■ **GIVEN ENTRIES**:

━━━━━━━━━━━━━━━━

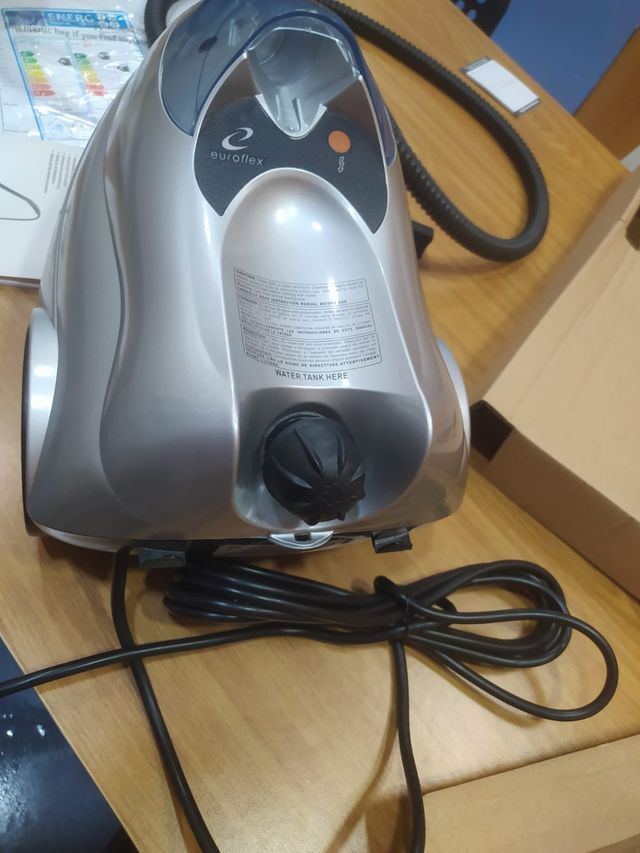 Vaporeta Monster SC60 HSD - Limpiadora a vapor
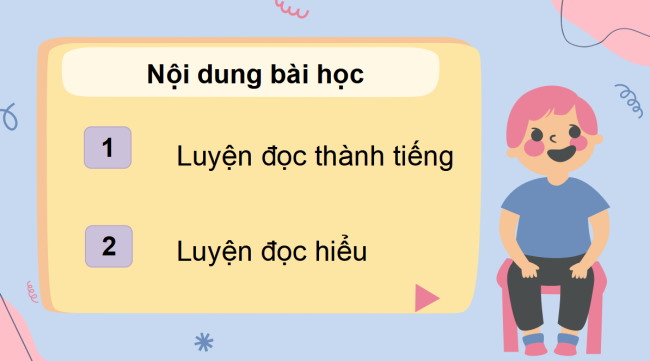 PowerPoint Tiếng Việt 3 Bài 4: Lớp học cuối đông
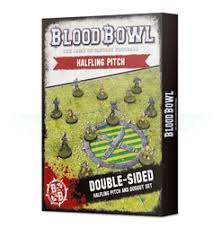 Blood Bowl: Hafling Pitch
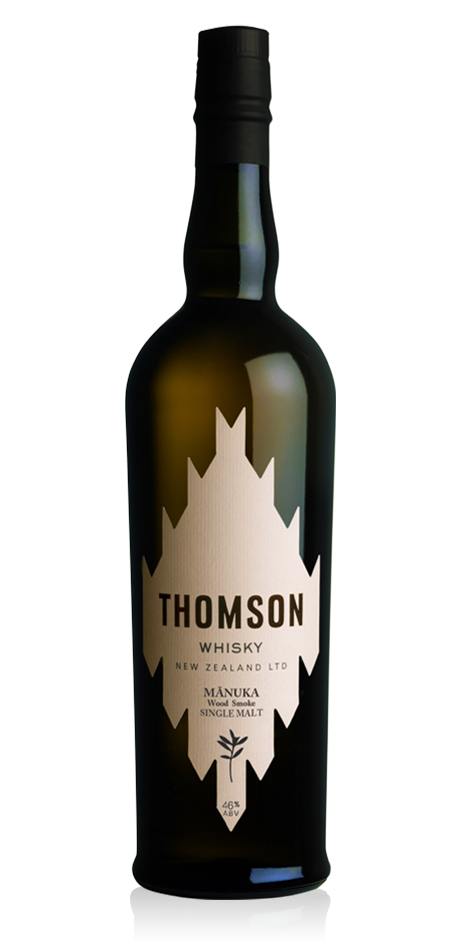 Thomson Manuka Smoke Single Malt Whisky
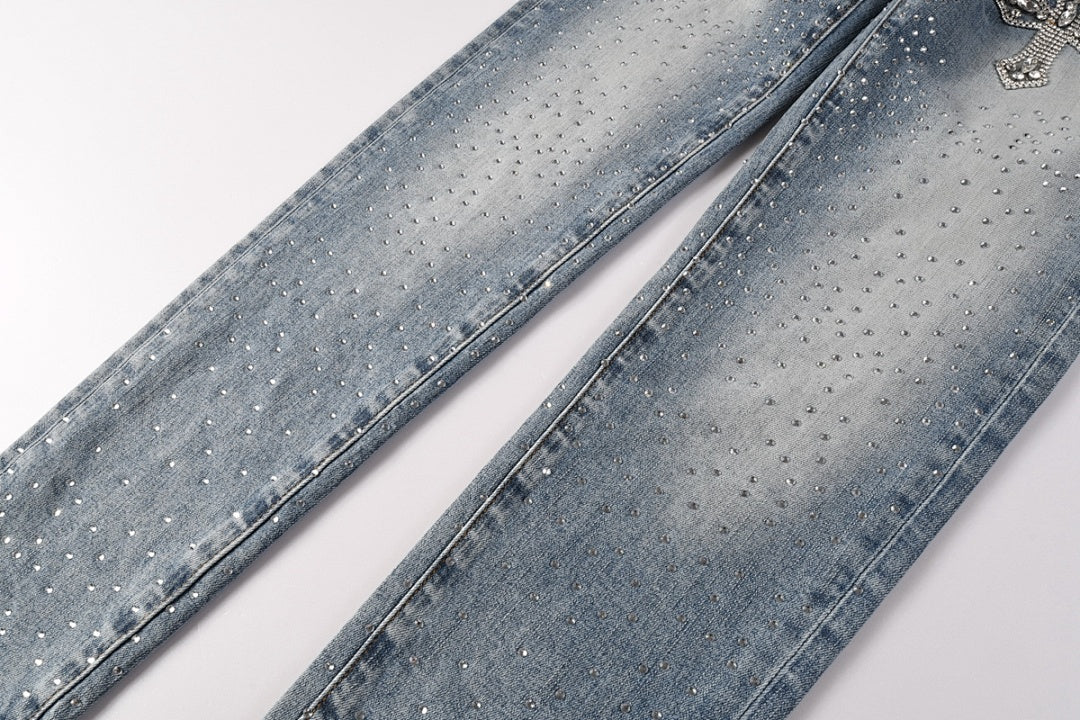 Purple Brand Street jeans 9132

━━━━━━━━━━━━━━━━

■ **WHAT YOU HAVE TO DO**: All of the material above is to be retyped exactly, with no pictures included.

■ **EXERCISE RESULT**:
 Vaporeta Monster SC60 HSD - Limpiadora a vapor
 PowerPoint Tiếng Việt 3 Bài 4: Lớp học cuối đông
 Blood Bowl: Hafling Pitch
 Thomson Manuka Smoke Single Malt Whisky
 Purple Brand Street jeans 9132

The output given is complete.